Linggadjati in de branding, a documentary explaining the military actions of the Dutch in Indonesia, 1947.

2 The Decolonization War Remembered

2.1 Looking Back on a Lost War in 1969

Documentaries like Linggadjati in the branding, Van duisternis tot licht, and Het vreemde leger, to name the three most important political documentaries produced by the Gouvernements Filmbedrijf Multifilm Batavia, may not have reached Dutch audiences at the time they were made, but they attracted millions of viewers once they were re-used in television programmes from the 1970s on. At first, the public lost interest in what was happening in Indonesia after the transfer of sovereignty at the end of 1949. The hundred thousand Dutch conscripts that were sent overseas to fight a sometimes very dirty guerrilla war returned home to a country that only wanted to think about rebuilding itself. Reminiscences about a lost war were not welcome. This changed almost overnight in January 1969, with the broadcast of a popular current-affairs program, Achter het Nieuws, in which a former conscript, Joop Hueting, told the interviewer he had seen war crimes during his time in Indonesia, some of which he had committed himself, and that it was high time for a thorough research into the behaviour of the Dutch army during the ‘police actions,’ as the military campaigns were formally called by the authorities.25

2.2 The Lack of Guerrilla Warfare on Film

The interview with Hueting was preceded by a short historical introduction of events in Indonesia, consisting of archival footage and a voice-over. Interestingly, the anchorman of the news show then told the audience that what they were about to hear next would not correspond to the footage they had just seen about these ‘police actions.’26 By 1969, images of the Vietnam War had become familiar for television viewers all over the world and constituted a new perception of what war looked like.

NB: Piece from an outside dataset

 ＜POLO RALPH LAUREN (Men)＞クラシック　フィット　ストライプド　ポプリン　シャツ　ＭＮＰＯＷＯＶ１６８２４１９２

The war fought in the East Indies was partly comparable to Vietnam: guerrilla warfare in a tropical climate, against an enemy that was undistinguishable from civilians. But in the case of the East Indies, visual resources were lacking. The government-produced films did not show war as was expected. No scenes of destruction, no marine with a Zippo lighting thatched roofs.27 In the years to come, this was a problem for all documentary filmmakers who wanted to tell a story about Indonesia in the years 1946–1949.

Video 6

Former conscript Joop Hueting talks about war crimes in Achter het Nieuws (VARA, 17-1-1969).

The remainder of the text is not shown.